* WHAT THIS TASK INVOLVES *
What is the number of lines in the listing below that include the string "their"? Answer with that number alone.

* PROVIDED RECORDS *
========================================================================

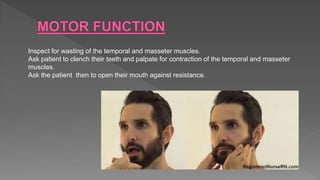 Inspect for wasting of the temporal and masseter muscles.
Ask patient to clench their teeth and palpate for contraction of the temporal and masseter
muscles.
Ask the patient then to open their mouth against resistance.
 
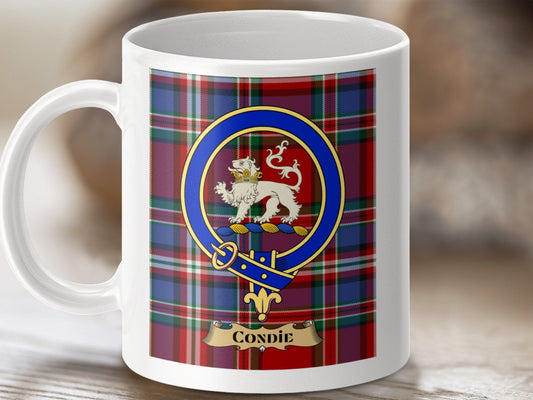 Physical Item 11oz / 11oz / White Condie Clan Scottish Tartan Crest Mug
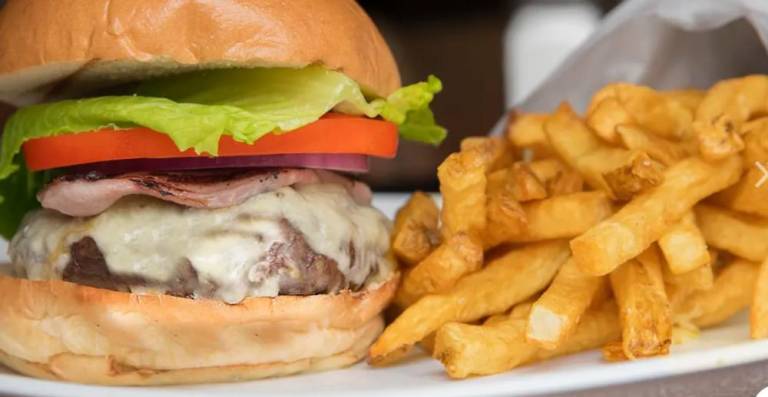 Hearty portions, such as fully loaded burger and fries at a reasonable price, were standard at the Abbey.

========================================================================

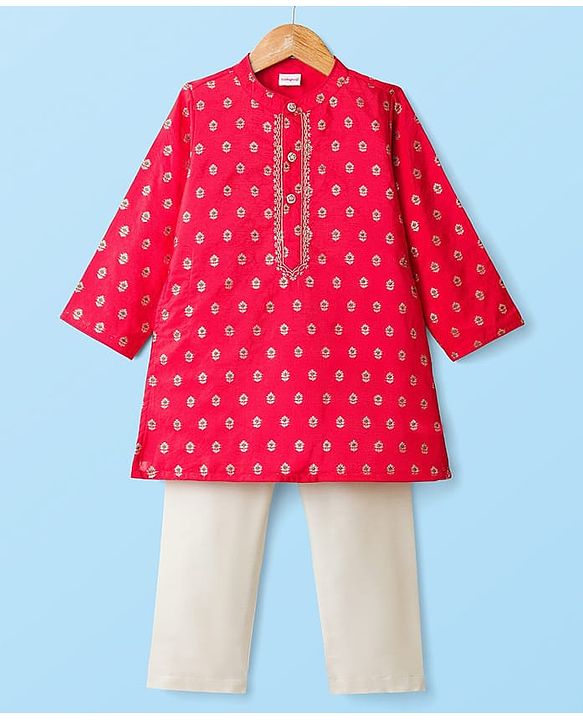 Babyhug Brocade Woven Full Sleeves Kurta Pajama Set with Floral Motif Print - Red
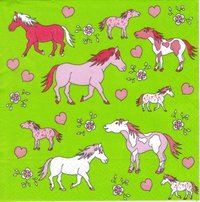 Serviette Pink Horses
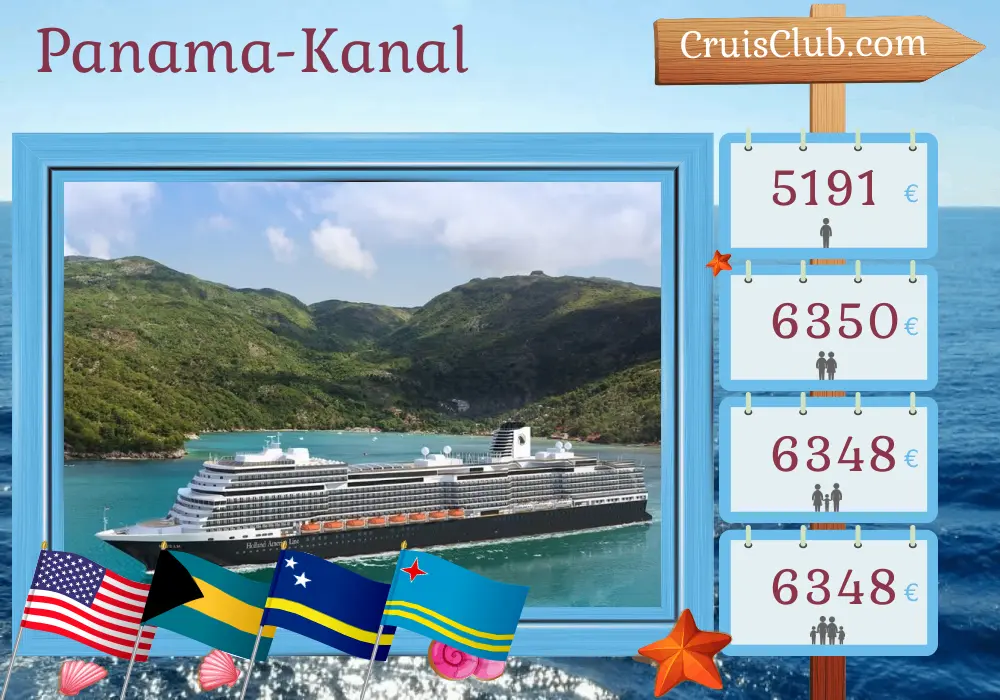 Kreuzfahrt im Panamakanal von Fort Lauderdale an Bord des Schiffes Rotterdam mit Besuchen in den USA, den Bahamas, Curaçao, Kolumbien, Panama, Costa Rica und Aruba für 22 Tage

========================================================================

* RESPONSE TO THE TASK *
2